也是因为这道堑壕的存在,让关羽有信心防守下去。
可问题是,全军最后的粮食已经下锅烹煮,现在正是全军早炊之际。
这轮砲兵轰击,摆明了就是在破坏楚军的早餐……非常的没有礼貌,充满了挑衅、调戏的意思。
堑壕里,关羽快速移动到最近的观察点,就见这轮轰击后,滍水对岸的西军砲兵阵地并无停止,反而继续操持,当即扭头对左右呼喝:“防范飞石、扑灭火势!”
附近几个军吏听闻后,又向堑壕两侧呼喝,次第传令,只有普通士兵保持着安静,没有敢于喊叫、制造混乱的人。

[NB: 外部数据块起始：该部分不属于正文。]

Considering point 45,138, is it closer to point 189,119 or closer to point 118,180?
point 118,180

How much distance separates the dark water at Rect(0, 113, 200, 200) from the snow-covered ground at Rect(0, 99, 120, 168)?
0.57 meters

如果西军砲兵只是在早炊时恶意取乐来一次轰击,那么现在这些砲兵就会出现在壁垒处,三五成群指着楚军壁垒说笑。
而关羽却没观察到这些人,那么这些砲兵肯定还在操持投石机,在计划下一轮轰击!
如关羽所料,当一些军吏带着抽选出来的士兵离开堑壕,去搬运伤员、扑灭火势时,第二轮砲兵轰击降下。
堑壕内,关羽明显察觉背后的营区核心地带遭受的轰击规模、密度远不如第一轮,但很多沸油陶罐或藤火球砸到了壁垒外……这意味着有少部分沸油陶罐、藤火球砸到了堑壕里。
如关羽所料,沸油淋身哪怕没有火点,倒霉的吏士就被烧的哇哇大叫。
关羽意识到不妙,只能继续等待,以观察对方第三轮轰击。
结果并未等待第三轮轰击,反而是滍水桥对岸的陷阵营开始出动。
不是甲兵先行,而是辅兵推搡盾车开路,在断裂的滍水桥两侧构建大型盾阵,弓弩手陆续就位,随后佩戴面巾,只在胸前挂木片皮甲的敢死兵开始出列,扛着各种木料去抢修滍水桥。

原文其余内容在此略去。